Nothing pairs better with one of America’s beloved national treasures, the Liberty Bell, than some 99 cents crunchy tacos, right? Taco Bell thought so. That’s why in 1996, the fast food chain announced that they will be buying the Liberty Bell, in order to reduce the country’s debt, as well as the fact that “Taco Bell’s heritage and imagery have revolved around the symbolism of the bell. Now we’ve got the crown jewel of bells.”
Thankfully, the thousands of patriotic Americans that called in to complain about the dishonorable union were relieved to learned that it was just a marketing scheme, and the historical monument was certainly not up for sale. The event went down as one of the most memorable marketing stunts of the decade.
On the day of April 1st (which should have been a super dead giveaway), a full-page ad appeared in six major newspaper publications announcing that Taco Bell will be purchasing the Liberty Bell and will change the name to “Taco Liberty Bell.” They also clarified that the bell will spend half the time in its home in Philadelphia and the other half in the Taco Bell headquarters in Irvine.
This grand declaration brought on a massive negative response. People were calling into both the Taco Bell headquarters as well as Philadelphia’s National Park Service to find out if the ad was true. Apparently, Philadelphia wasn’t on the joke either, since the park’s spokespeople were also surprised at the news.
Then at noontime on the same day, Taco Bell issued a second press release, revealing that it had all been an April Fools joke and there was never any purchase of the Liberty Bell. However, some people were still bitter about the use of the national monument, which symbolizes those who have bravely fought for this country’s freedom, as part of a playful joke. Then again, many observers have pointed out that the Liberty Bell was incorporated to several other product advertisements over the years, including insurance, beer, and even board games.
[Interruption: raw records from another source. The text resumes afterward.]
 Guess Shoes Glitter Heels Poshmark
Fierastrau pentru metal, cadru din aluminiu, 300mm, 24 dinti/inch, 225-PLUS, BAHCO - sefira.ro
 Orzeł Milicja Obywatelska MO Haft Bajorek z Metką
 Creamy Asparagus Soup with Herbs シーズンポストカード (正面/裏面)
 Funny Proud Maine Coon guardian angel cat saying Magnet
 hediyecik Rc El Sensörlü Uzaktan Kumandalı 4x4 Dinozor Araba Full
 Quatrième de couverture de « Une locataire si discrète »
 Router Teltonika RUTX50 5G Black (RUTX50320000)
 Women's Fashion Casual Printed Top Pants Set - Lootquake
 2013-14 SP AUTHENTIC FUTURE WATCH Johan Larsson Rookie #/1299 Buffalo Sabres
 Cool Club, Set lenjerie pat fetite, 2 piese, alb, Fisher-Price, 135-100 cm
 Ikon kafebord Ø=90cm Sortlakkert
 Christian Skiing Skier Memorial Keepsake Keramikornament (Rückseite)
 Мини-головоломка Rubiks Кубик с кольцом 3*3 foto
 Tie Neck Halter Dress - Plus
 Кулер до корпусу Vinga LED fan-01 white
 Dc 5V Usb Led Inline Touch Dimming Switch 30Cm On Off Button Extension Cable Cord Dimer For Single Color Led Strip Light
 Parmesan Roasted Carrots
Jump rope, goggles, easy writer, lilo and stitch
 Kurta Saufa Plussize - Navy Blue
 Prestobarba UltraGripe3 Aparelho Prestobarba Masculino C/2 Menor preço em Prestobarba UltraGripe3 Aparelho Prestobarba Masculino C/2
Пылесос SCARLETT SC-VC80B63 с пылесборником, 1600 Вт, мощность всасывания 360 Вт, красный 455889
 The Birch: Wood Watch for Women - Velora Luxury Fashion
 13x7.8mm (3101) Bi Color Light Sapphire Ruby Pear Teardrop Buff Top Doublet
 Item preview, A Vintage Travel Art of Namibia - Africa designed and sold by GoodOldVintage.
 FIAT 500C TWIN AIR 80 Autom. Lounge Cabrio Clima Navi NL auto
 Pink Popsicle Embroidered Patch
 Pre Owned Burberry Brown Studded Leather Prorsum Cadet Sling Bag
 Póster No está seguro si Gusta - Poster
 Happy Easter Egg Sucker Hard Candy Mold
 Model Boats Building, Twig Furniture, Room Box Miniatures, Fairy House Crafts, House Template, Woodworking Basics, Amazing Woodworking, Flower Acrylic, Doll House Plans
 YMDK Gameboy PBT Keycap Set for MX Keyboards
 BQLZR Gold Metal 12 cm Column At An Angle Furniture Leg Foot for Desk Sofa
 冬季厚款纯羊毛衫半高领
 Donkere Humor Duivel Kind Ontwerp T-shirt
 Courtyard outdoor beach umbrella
The profits clearly spoke for itself. Taco Bell spent about $300,000 on the campaign, but raked in about $25 million worth of free publicity. Sales-wise, the restaurant had an increase in revenue by $500,000 on the same day, and then $600,000 the following day.
Maybe the fact that Taco Bell was now in ownership of a national monument that makes its tacos even more appealing, or just because people wanted to get in on the hype too, but no one can deny the marketing success in this story. Entrepreneur magazine included it in its list of “Top 10 Successful Marketing Stunts,” and Museum of Hoaxes named it number 4 on its list of “Top 100 April Fool’s Day Hoaxes of All Time.”
With so many more available national monuments still out there, we wonder which company will be next to make an extravagant purchase … Carl’s Jr and the Statue of Liberty, perhaps?